▶ _Exercise description_
Exercise in exact copying: restate word for word only the lines below from the one containing "Going down this" through the one containing "There are four", omitting any pictures.

▶ _Data provided_
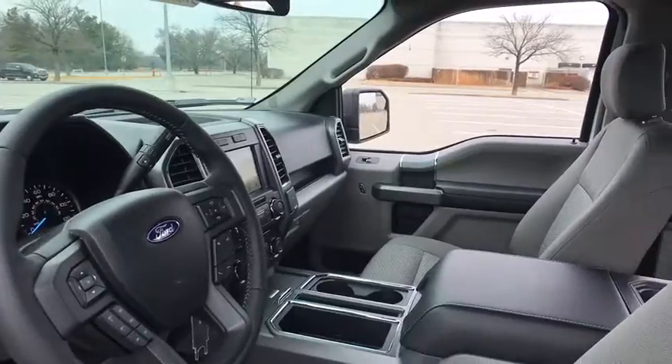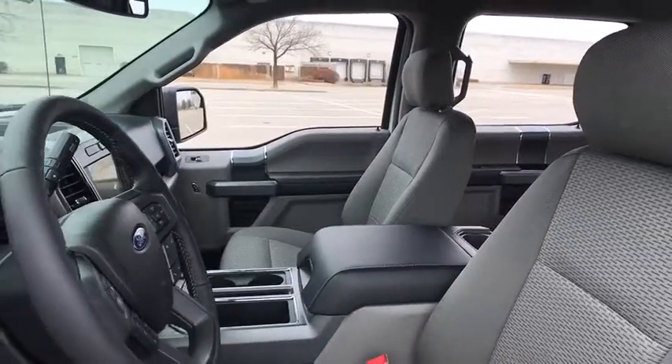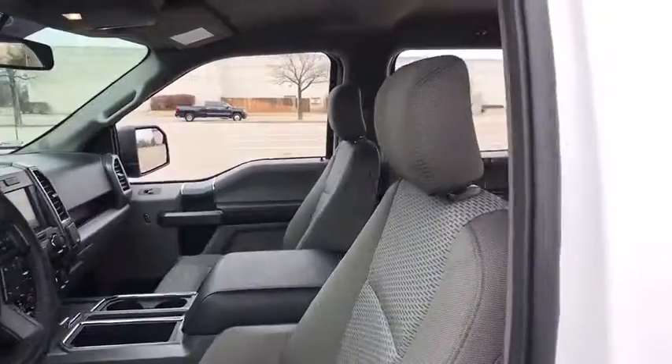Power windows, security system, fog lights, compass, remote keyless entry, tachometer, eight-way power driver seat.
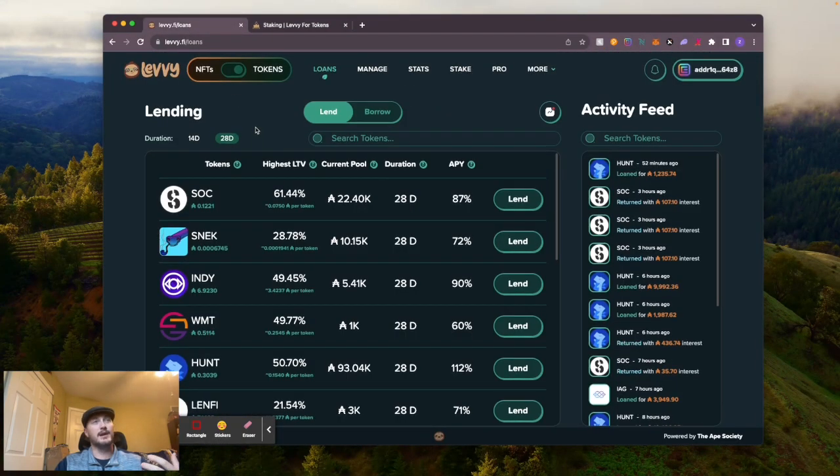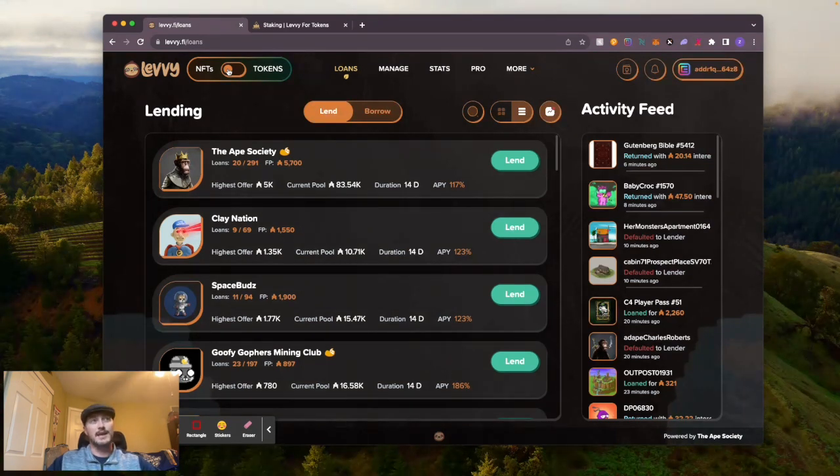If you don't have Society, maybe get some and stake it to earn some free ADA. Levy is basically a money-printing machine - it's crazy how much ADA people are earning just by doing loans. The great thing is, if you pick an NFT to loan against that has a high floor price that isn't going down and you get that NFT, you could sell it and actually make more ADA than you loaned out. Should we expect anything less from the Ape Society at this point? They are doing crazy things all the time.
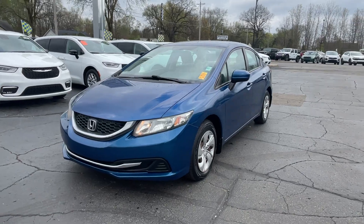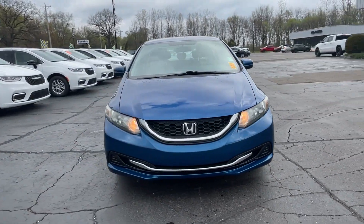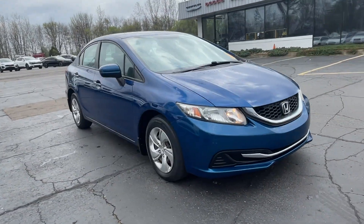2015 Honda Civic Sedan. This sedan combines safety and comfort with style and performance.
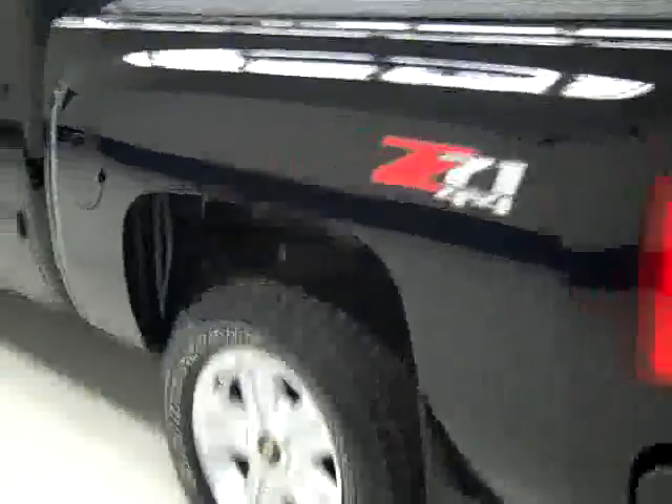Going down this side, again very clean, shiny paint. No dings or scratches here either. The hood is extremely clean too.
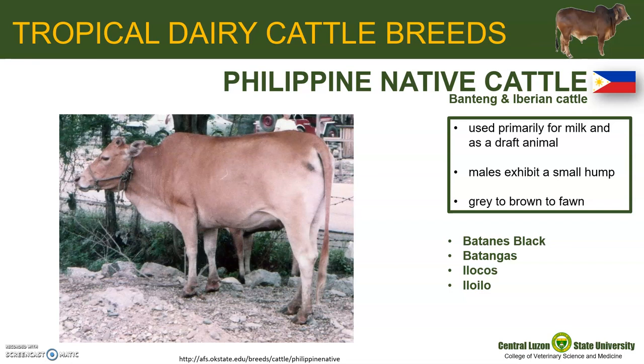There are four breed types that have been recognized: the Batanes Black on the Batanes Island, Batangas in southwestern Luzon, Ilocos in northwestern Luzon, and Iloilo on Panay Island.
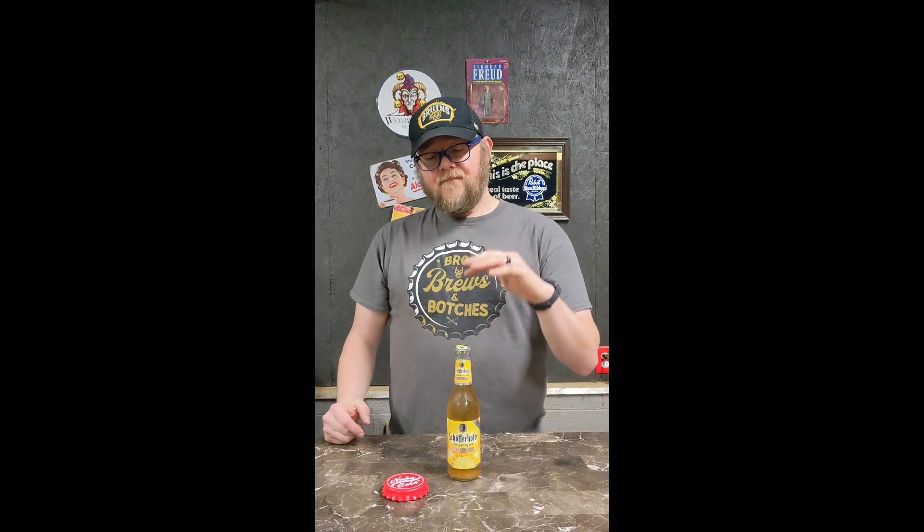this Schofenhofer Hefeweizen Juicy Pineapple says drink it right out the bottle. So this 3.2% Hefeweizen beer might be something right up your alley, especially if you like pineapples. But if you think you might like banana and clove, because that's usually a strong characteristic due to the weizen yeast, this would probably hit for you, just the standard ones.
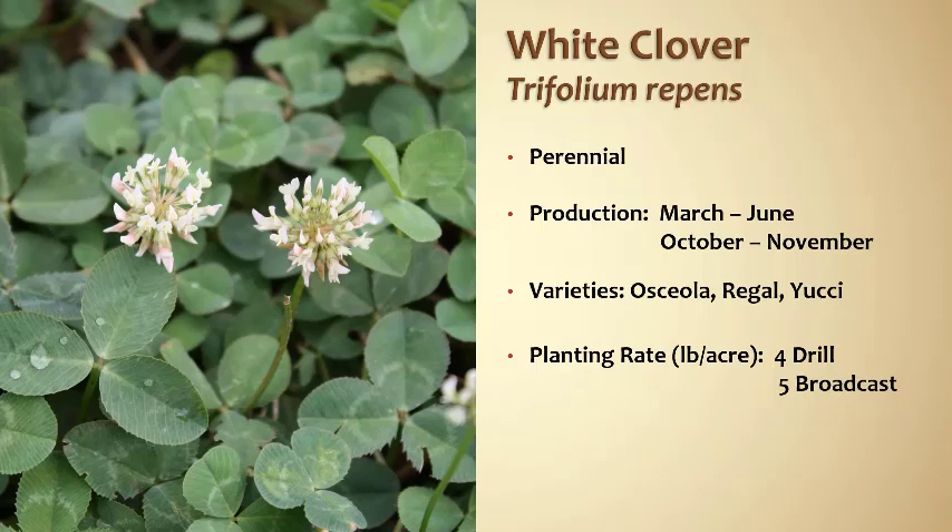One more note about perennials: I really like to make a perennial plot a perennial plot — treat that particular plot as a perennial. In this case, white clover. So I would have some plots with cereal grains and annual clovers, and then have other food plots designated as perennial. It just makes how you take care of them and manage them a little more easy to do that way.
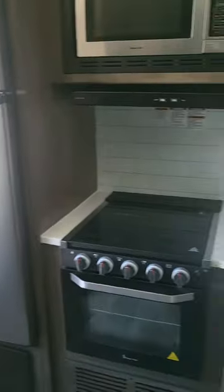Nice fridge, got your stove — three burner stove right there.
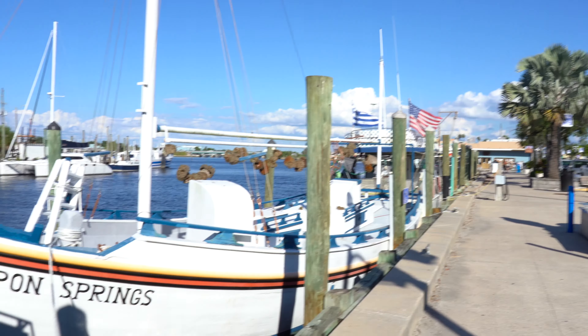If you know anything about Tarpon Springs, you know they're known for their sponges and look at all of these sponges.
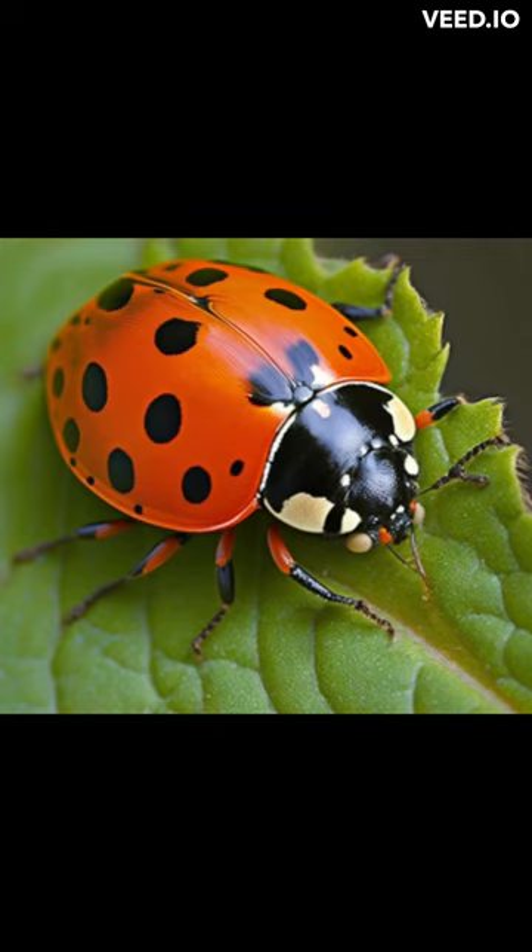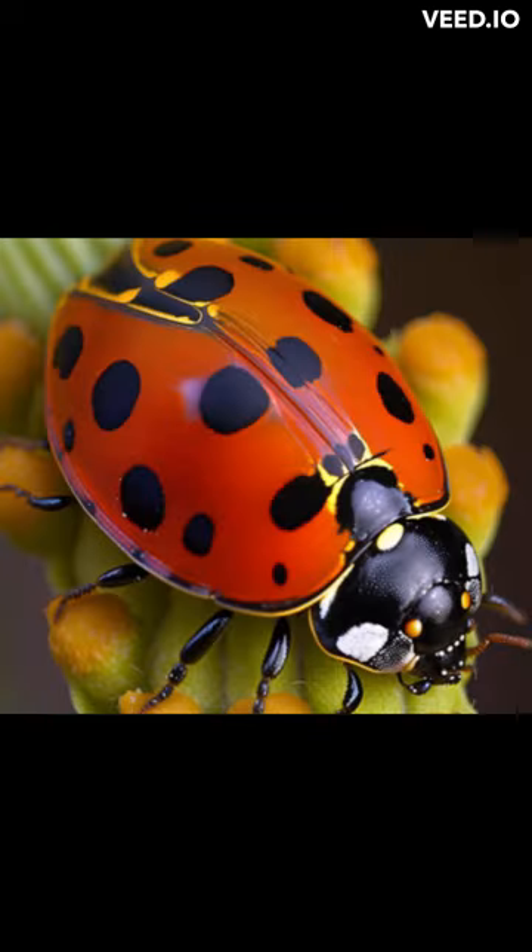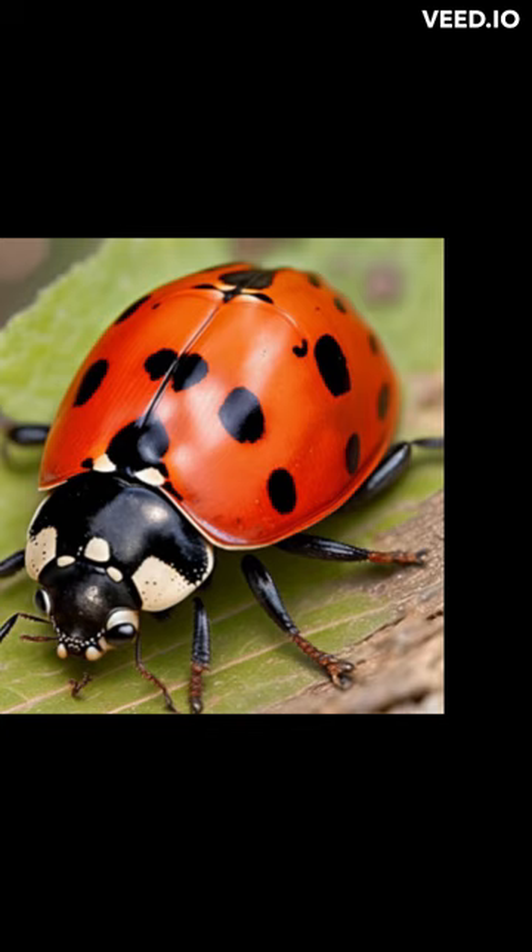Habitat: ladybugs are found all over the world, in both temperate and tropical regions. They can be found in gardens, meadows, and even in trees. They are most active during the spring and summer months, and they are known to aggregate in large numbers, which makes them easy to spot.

▶ _Your solution_
Going down this side, again very clean, shiny paint. No dings or scratches here either. The hood is extremely clean too.
There are four breed types that have been recognized: the Batanes Black on the Batanes Island, Batangas in southwestern Luzon, Ilocos in northwestern Luzon, and Iloilo on Panay Island.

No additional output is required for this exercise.